Yesterday, we looked at how the prophecy quoted in Hebrews 8:8–12 refers to the period of restoration after exile. Many thought that this restoration would manifest itself immediately, but something else has happened. Instead of coming all at once, the period of restoration has been stretched out over time.
It is Jesus who tells us that the restoration will be drawn out over a period of time. In the parables of the mustard seed and the leaven (Matt. 13:31–33), we learn that the kingdom of God does not come immediately but starts out small and grows larger over time. Even though the restoration will take longer than expected, we can be sure it has started. When Jesus applies the words of Isaiah to Himself (Luke 4:16–21), He teaches that restoration has begun.
The inauguration of the new covenant under Christ guarantees that some of its promises are a present reality. Acts 2 tells us that the Holy Spirit has already been poured out in equal measure upon all of God’s people. We know that the sacrifices of the old covenant have ended because Christ’s sacrifice renders them obsolete (Heb. 9–10).
The fact that the new covenant is not yet here in all its fullness also shows that some aspects of the old covenant have not passed away. The presence of teachers in the new covenant (Eph. 4:11) and the admonishments for us to learn from Old Testament examples (1 Cor. 10:1–6) demonstrate that the law of God has not yet been fully written on the heart. And until the Law is put on the heart completely, there will be both true and false believers who are members of the new covenant.

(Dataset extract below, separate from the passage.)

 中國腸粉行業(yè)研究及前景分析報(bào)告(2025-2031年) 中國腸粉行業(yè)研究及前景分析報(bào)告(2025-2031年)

Because the Law has not yet been fully placed upon our hearts, we must still look to the moral standards of the old covenant. They have not yet been fully abrogated, unlike the ritual laws that were fulfilled by the sacrifice of Christ. One day we will obey these moral standards perfectly as they will be part of our nature. Today, however, we must seek to learn them; for while the old covenant is “becoming obsolete” (Heb. 8:13), it has not yet reached the state of full obsolescence.
We live in a period of overlapping ages. The old covenant has passed away and the new covenant era is becoming more and more a reality. One day we will not need the written Law because it will be completely engraved on our hearts. Rejoice in the truth that God will bring you to complete perfection at the end of this age.